Nicht-medikamentöse Maßnahmen bei Schlafproblemen bei Demenz

Was sind Schlafprobleme bei Menschen mit Demenz?

Demenzkranke Menschen haben häufig Schlafprobleme, wie z. B. eine Zunahme der Dauer und Anzahl der Wachphasen und einen erhöhten Anteil an leichtem Schlaf. Diese verursachen eine Reihe von Problemen für die Betroffenen, ihre Angehörigen und Betreuer*innen, was zu einer Belastung der Betreuer*innen und zur Einweisung von Menschen mit Demenz in Pflegeheime oder Langzeitpflegeeinrichtungen führen kann.

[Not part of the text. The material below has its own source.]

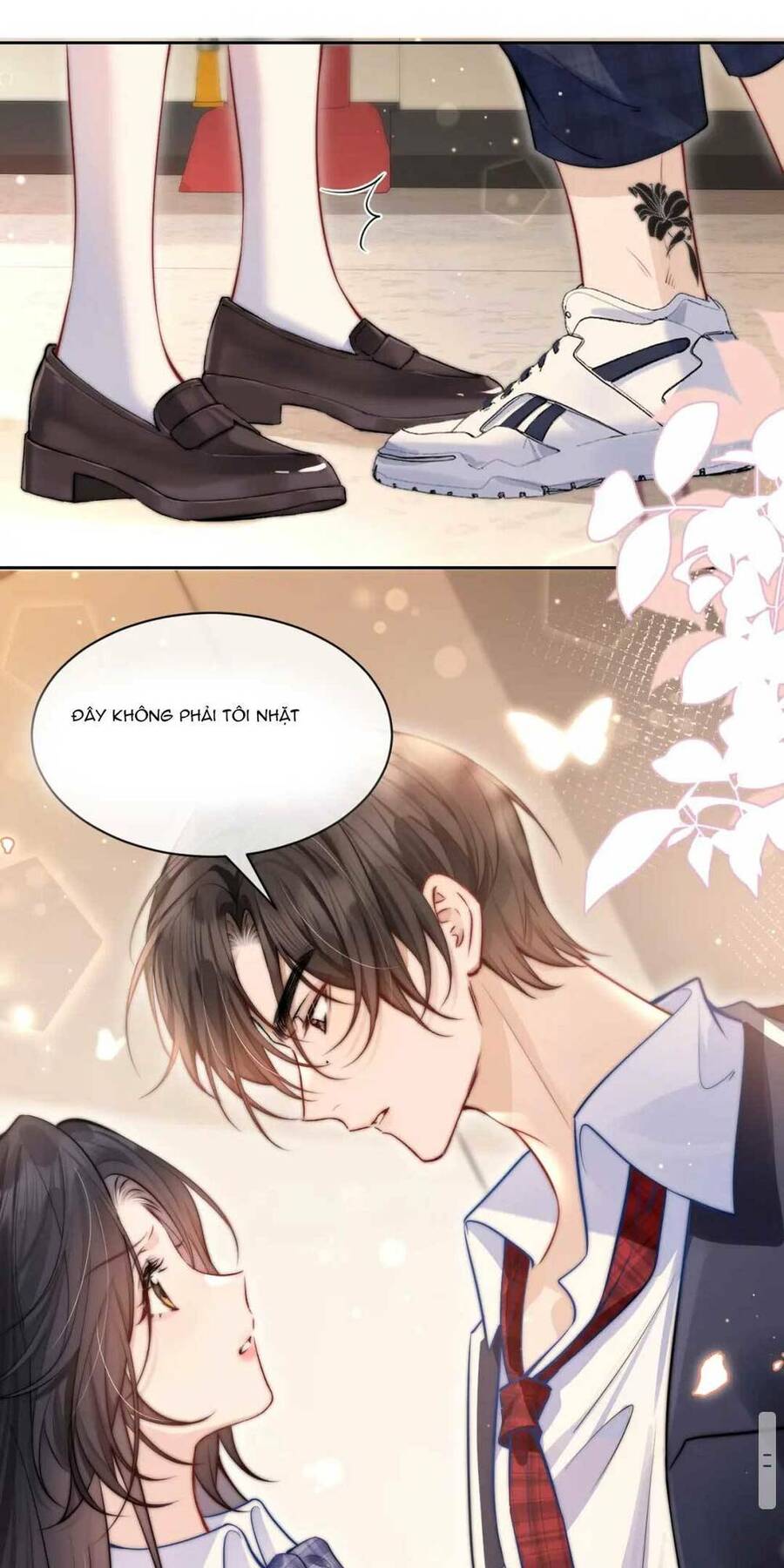 Em Có Nghe Thấy Tôi Nói Không Chapter 5 - 36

Können nicht-medikamentöse Maßnahmen helfen?

Da wir nicht wissen, ob Medikamente den Schlaf von Menschen mit Demenz verbessern können, werden häufig nicht-medikamentöse Maßnahmen empfohlen. Dazu gehören Lichttherapie, soziale und körperliche Aktivitäten, Veränderungen der Umgebung (z. B. Verringerung von Lärm und Licht in der Nacht) oder die Vermeidung von Schlaf am Tag. Es gibt auch Interventionsprogramme, die aus mehr als einer dieser Komponenten bestehen (so genannte "multimodale Interventionen"; z. B. eine Kombination aus Lichttherapie und Aktivitäten für Menschen mit Demenz).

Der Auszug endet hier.